Richardson is foremost a pragmatist, a Democrat more centrist than Bill Clinton or Republican Gov. Arnold Schwarzenegger. As energy secretary, he reversed himself and pushed for storing nuclear waste in New Mexico. As soon as he became governor, he delighted Republicans with a tax cut.
"He might hold grudges, but he's fast to switch politically," said Joe Monahan, a New Mexico political consultant and blogger who watches the governor. "He's never carried the long knives for long."
The governor also counts votes, and Los Alamos County is voting overwhelmingly for the University of California.
With the University of Texas gearing up to challenge UC for control of Los Alamos, lab scientists and their families -- one of the highest concentrations of PhDs in the nation -- whispered that a vote for Bush was a vote for Texas. Their golden UC pensions? Gone. Their vaunted ties to the nation's largest public research university? Gone.
Fear of a Republican win gripped one of the most reliable GOP counties in a swing state. Senator Pete Domenici, R-N.M., and Bush-Cheney campaigners called for reinforcements. Days before the election, former President George H.W. Bush and the Bush twins, Jenna and Barbara, threw an emergency rally in Los Alamos.
Domenici, known warmly in Los Alamos as "St. Pete" for his support of the lab, assured lab workers that "if UC puts together a winning team, I will be very happy" and promised that a Bush win would not affect the lab contract.
President Bush squeaked by Massachusetts Sen. John Kerry in Los Alamos by 600 votes, less than half of Bush's margin over Al Gore in 2000. Several hundred Los Alamos conservatives "voted D for the first time, probably since (World War II)," Monahan said.
"The people in Los Alamos would definitely like to see UC retain the contract," said county Republican chairwoman JoAnn Johnson. As for Richardson's endorsement of UC, she said, "I think he's always interested in what's going to help him as well as the state and, yes, I think he's looking at the popular opinion" in Los Alamos.
Former University of New Mexico president and political scientist F. Chris Garcia says Richardson's strong backing for UC makes good politics.
"Richardson is such an astute politician. He takes nothing for granted. He wants the Los Alamos vote, and anywhere he can get votes he goes after them," Garcia said.
Richardson's supporters already are gearing up for his re-election campaign. But political observers in New Mexico and Washington say Richardson also is keeping an eye on Domenici's Senate seat.
The elder New Mexico senator is widely expected to endorse a protege, Rep. Heather Wilson, R-Albuquerque, as his successor.
"That would be a political scientist's dream -- a sitting House member endorsed by St. Pete versus a very savvy governor who's Hispanic. And we may see it," Garcia said.

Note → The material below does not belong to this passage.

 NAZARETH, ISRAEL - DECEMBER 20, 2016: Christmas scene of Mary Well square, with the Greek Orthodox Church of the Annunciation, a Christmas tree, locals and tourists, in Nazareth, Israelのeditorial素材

But Richardson's endorsement of UC goes beyond politics, Garcia suspects. Richardson plans to ask the UC regents to include a private -- read "taxable" -- industry partner in its management team for the lab bid, as well as a New Mexico university.
It's dubious whether he will get the latter. New Mexico's three major universities weighed, then dropped the idea of bidding on Los Alamos. But UC in the last decade has built scientific collaborations with every New Mexico university, and UC officials are trying to expand them.
With a different lab operator, Garcia said, "we'd have to start anew to great extent. Since the universities here aren't going to bid, why not stick with what we know and what works."